You should reach out to them for support with their version.
Yea, WiFi can cause all sorts of issues when trying to do real time video streaming .. so data stream via WiFi to laptop, then encode, then send out over same WiFi... uh, realllllly bad idea  
not only is bandwidth highly relevant, but more importantly is jitter (the consistency of that bandwidth) which WiFi is NOT designed for


----------



## JohnBBeta (Feb 6, 2021)

I had the same issue with NDI and an HD60S. Sold it on ebay and bought an HD60s+ instead which just connects with USB and no need for NDI plug in. Audio fine now. I found NDI on my set up super unreliable - connection would drop etc etc. (I was on a pretty old Mac Pro 2011 and OBS not SLOBS though)

Another issue I had before with audio was when streamlabs alerts come in on the browser it was affecting all other audio with strange glitching and cutting out. Not fully got to the bottom of that but removed audio alerts and made sure all sources were muted other than the main audio input. good luck


----------



## Lawrence_SoCal (Feb 8, 2021)

real-time video encoding is demanding.

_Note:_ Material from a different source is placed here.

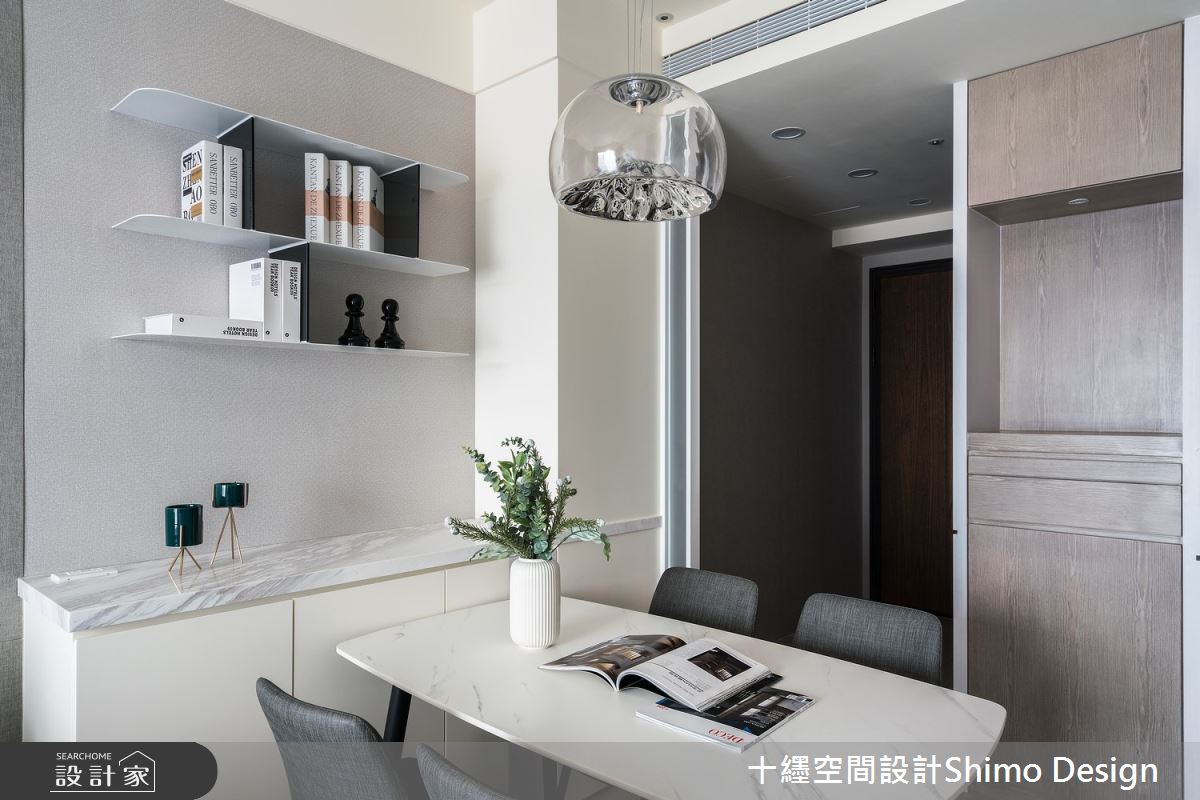 31坪新成屋(5年以下)＿混搭風餐廳案例圖片＿十纆室內裝修設計有限公司＿十纆_嵌光石室之2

Old computers aren't up to H.264 encoding. And an overloaded PC will then have all kinds of anomalous behaviors when CPU, GPU, Disk, network and/or RAM usage are maxed out.


----------



## Almweiss/Gregor (Feb 9, 2021)

Hey 
i have a problem the NDI Source is not showing off in OBS and I Install OBS Studio, Streamlabs OBS, OBS LINK, NDI Plugins 4.9.1, NewTEK, but it don't work do you have any idea why? 

Do you have an Install Plan or an Instruction Plan for me? I'm really frustrated right now because nothing works


----------